Visto che protestare serve a qualcosa? Poi siamo italiani, finisce sempre tutto in una tazzulella di caffè”.

Quindi non sottovalutiamo ciò che è avvenuto e auguriamoci che non tutto il mondo culturale sia sull’attenti e allineato a questa cultura di guerra e di censura. Dopo il gran polverone sollevate, delle smentite, correzioni e distinguo questi gli aggiornamenti di queste ore:

Caso Nori: lo scrittore, corso su Dostoevskij non in Bicocca, lo farò altrove.

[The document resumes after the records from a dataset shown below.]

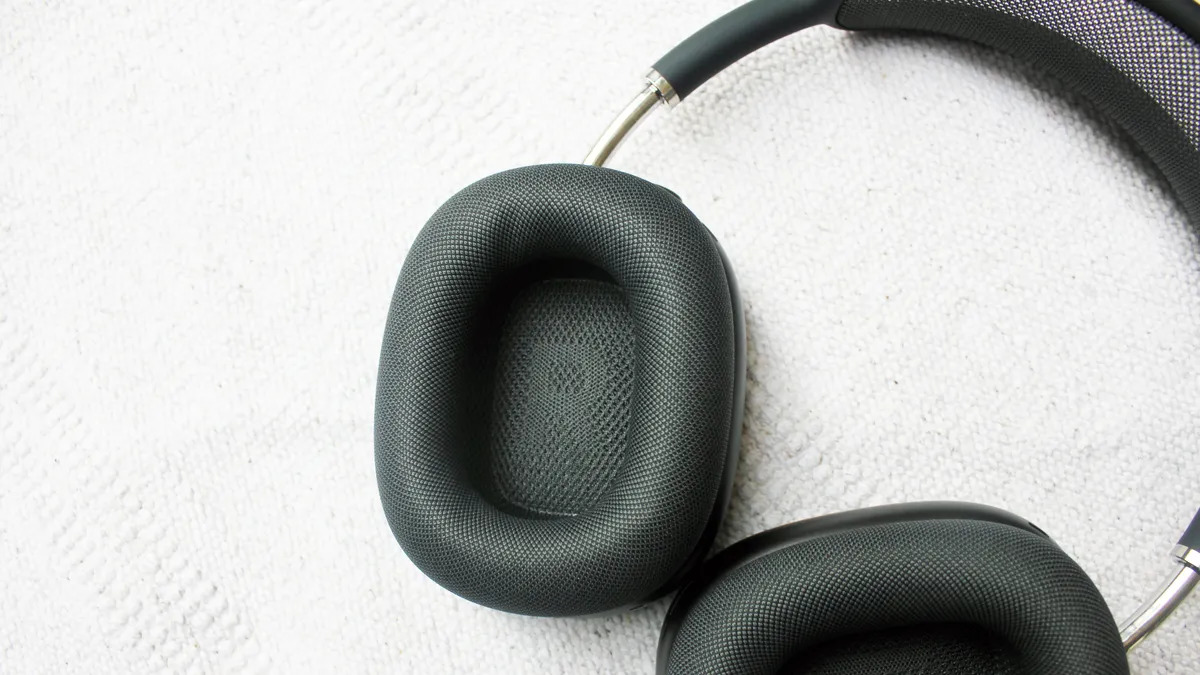 Apple AirPods Max 11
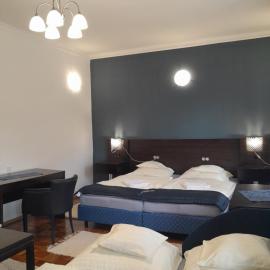 Kék Vándor Vendégház, hotel a Rédics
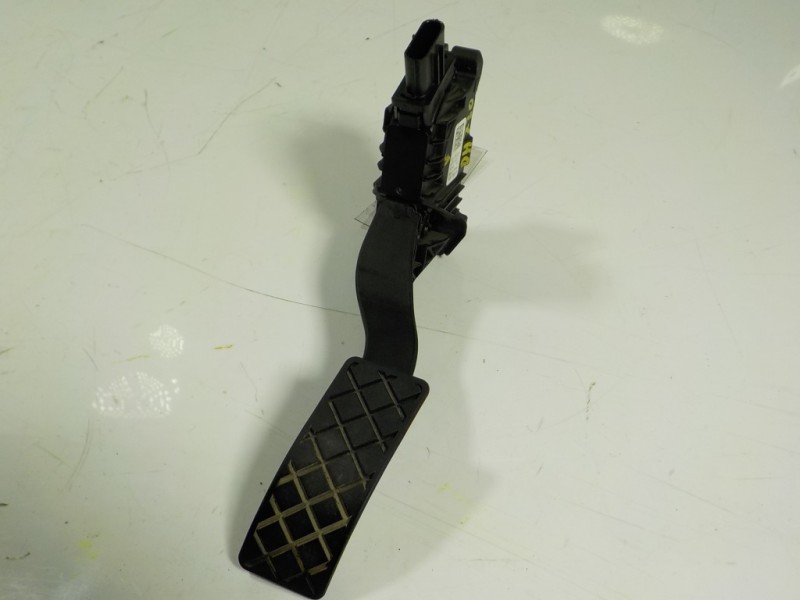 Recambio de potenciometro pedal para seat arona 1.0 tsi referencia OEM IAM 5Q1723503H 5Q1723503H 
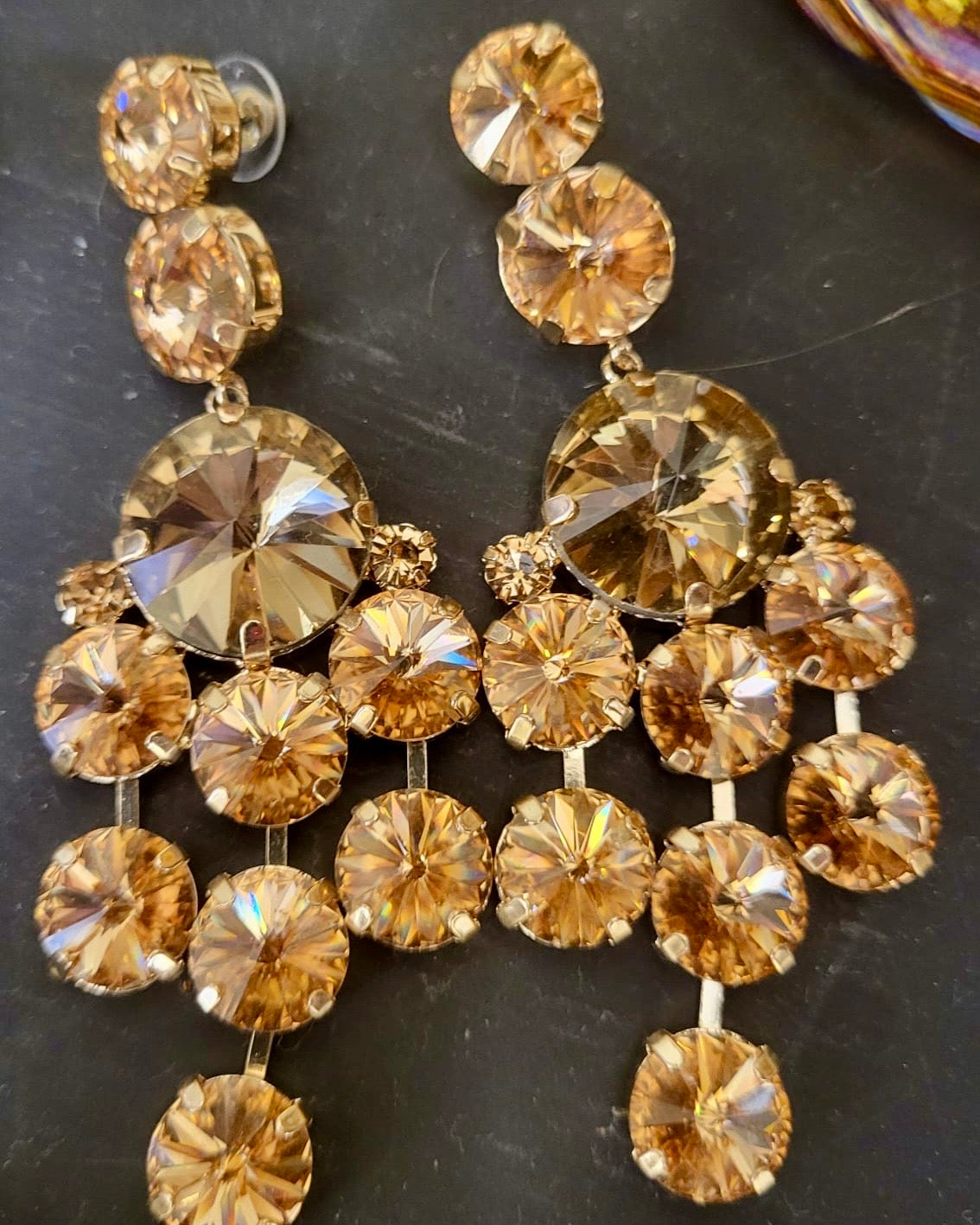 Orecchini Chandelier con Cristalli Champagne
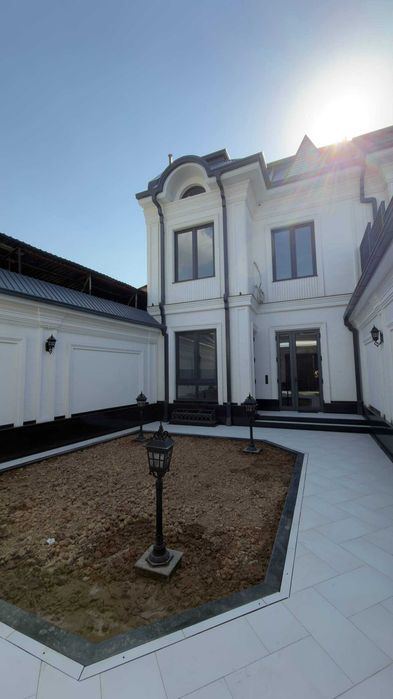 4-room house, 301.36 m²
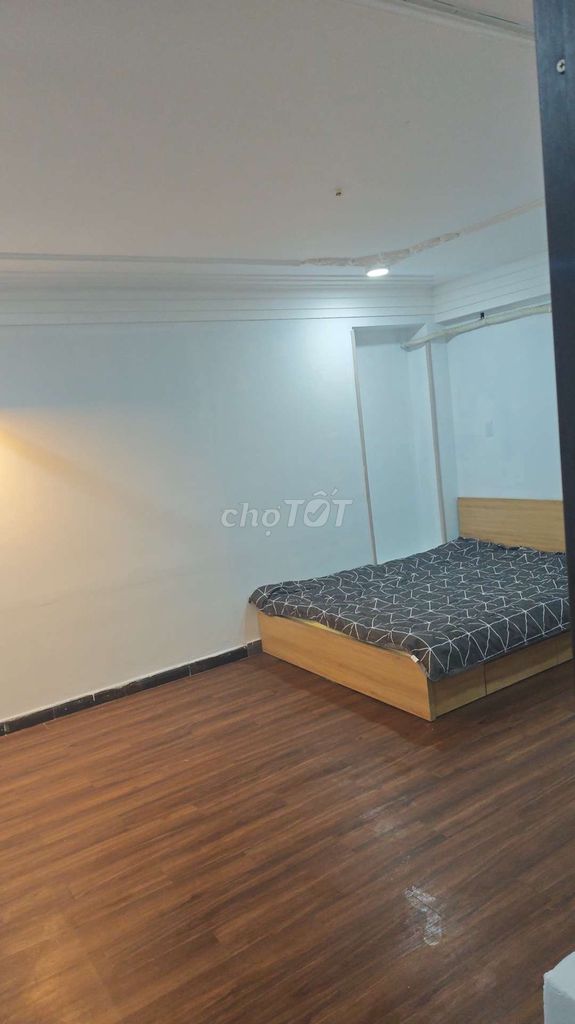 Rent room in the service room.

Il corso sui romanzi di Fedor Dostoevskij “non si fa in Bicocca perché il prorettore ha detto che voleva riorganizzare il corso diversamente dagli accordi presi” e che “avrei dovuto inserire anche degli autori ucraini. Io gli ho risposto che non mi sembra sensato il fatto che se parli di un autore russo devi poi parlare anche di un autore ucraino. È una cosa inedita per me in letteratura. Io ho ritirato la mia disponibilità perché non conosco la lingua e autori ucraini. Immagino lo faranno con qualcun altro“. Così lo scrittore Paolo Nori intervenuto a Forrest su Rai Radio1 in merito alla decisione dell’ateneo milanese sul corso che avrebbe dovuto tenere sui romanzi dello scrittore russo. “Ieri e l’altro ieri ho ricevuto inviti per il corso su Dostoevskij da tutte le parti, circa una quarantina: li stiamo valutando e sceglieremo dove andare. Questo corso si farà ma – precisa ancora – non alla Bicocca“.

Come afferma il segretario nazionale di Sinistra Italiana Nicola Fratoianni in un intervista a Today. “Quello che è accaduto all’ateneo della Bicocca con il corso su Dostoevskj negato allo scrittore Paolo Nori è una vicenda disarmante e temo che faccia parte di un clima generale, quello che ho definito in questi giorni il “clima della chiamata alle armi. L’Italia rischia di diventare un Paese che assume, fino in fondo, come unico spazio possibile, quello della dialettica amico-nemico, il nemico diventa nemico assoluto e si finisce persino per trattare da nemici, non solo i russi in quanto tali e la cultura russa, ma qualsiasi cosa abbia a che fare con la Russia. Non conta più il regime che guida la Russia e che ha deciso l’invasione dell’Ucraina. Si finisce per prendersela perfino con la cultura russa”.